0

I'm using spark-worker container, which is based on spark-base container.

How can I solve the exception:

org.apache.hadoop.mapred.InvalidInputException: Input path does not exist: file:/README.md

Main.java

        context = new SparkContext(
                new SparkConf()
                        .setAppName("Test App")
                        .setMaster("spark://spark-master:7077")
                        .set("spark.executor.memory", "1g")
                        .setJars(new String[] { "target/spark-docker-1.0-SNAPSHOT.jar" })
        );

        String path = "file:///README.md";

        // EXCEPTION HERE!!!
        List<Tuple2<String, Integer>> output = context.textFile(path, 2) 
         ...

My Docker containers does not set up HDFS, so I hope they will work with local file system of each spark-worker. I did on each worker:

shell> docker exec -it spark-worker-# bash
shell> touch README.md

docker-compose.yml

# No HDFS or file system configurations!

version: '3.3'
services:
  spark-master:
    image: bde2020/spark-master
    container_name: spark-master
    ports: ['8080:8080', '7077:7077', '6066:6066']
  spark-worker-1:
    image: bde2020/spark-worker
    container_name: spark-worker-1
    ports: ['8082:8081']
    depends_on:
      - spark-master
    environment:
      - "SPARK_MASTER=spark://spark-master:7077"
  spark-worker-2:
    image: bde2020/spark-worker
    container_name: spark-worker-2
    ports: ['8083:8081']
    depends_on:
      - spark-master
    environment:
      - "SPARK_MASTER=spark://spark-master:7077"
halfer
  • 19,824
  • 17
  • 99
  • 186
VB_
  • 45,112
  • 42
  • 145
  • 293

1 Answers1

0

Spark can work with local files but it means you have to provide a copy of the file on each node in the cluster (including driver).
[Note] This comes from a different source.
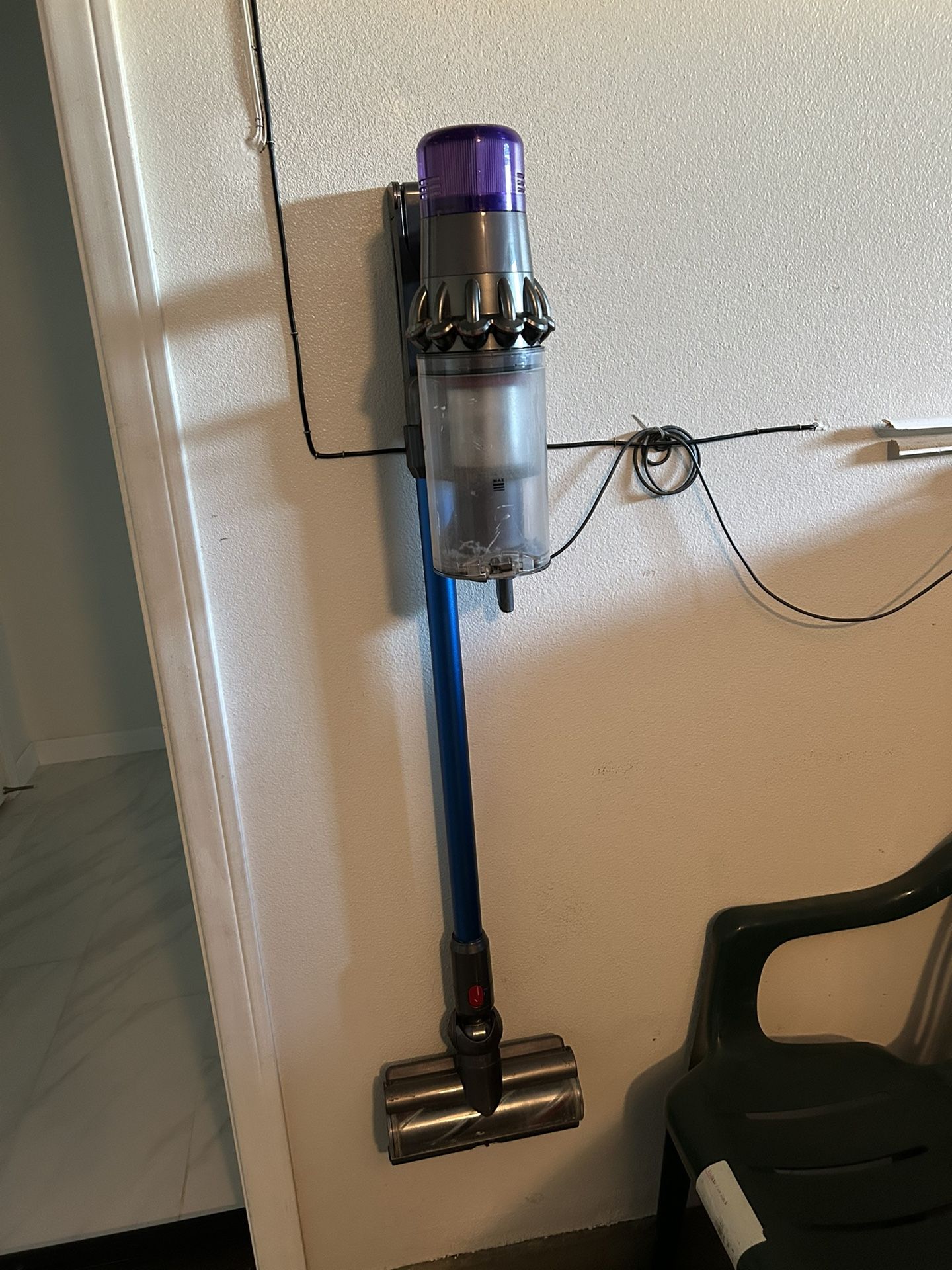 Dyson V11 Cordless Stick Vacuum, Large, Nickel/Blue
Additionally "file:///README.md" is a path in the root directory of the file system so make sure this is where you create the file, and that the user has correct access rights.

The easiest way to use local files is to just distribute it with SparkFiles

Also remember that correct writes require distributed storage - Saving dataframe to local file system results in empty results

If you want to support both writes and reads just use Docker volume shared between workers.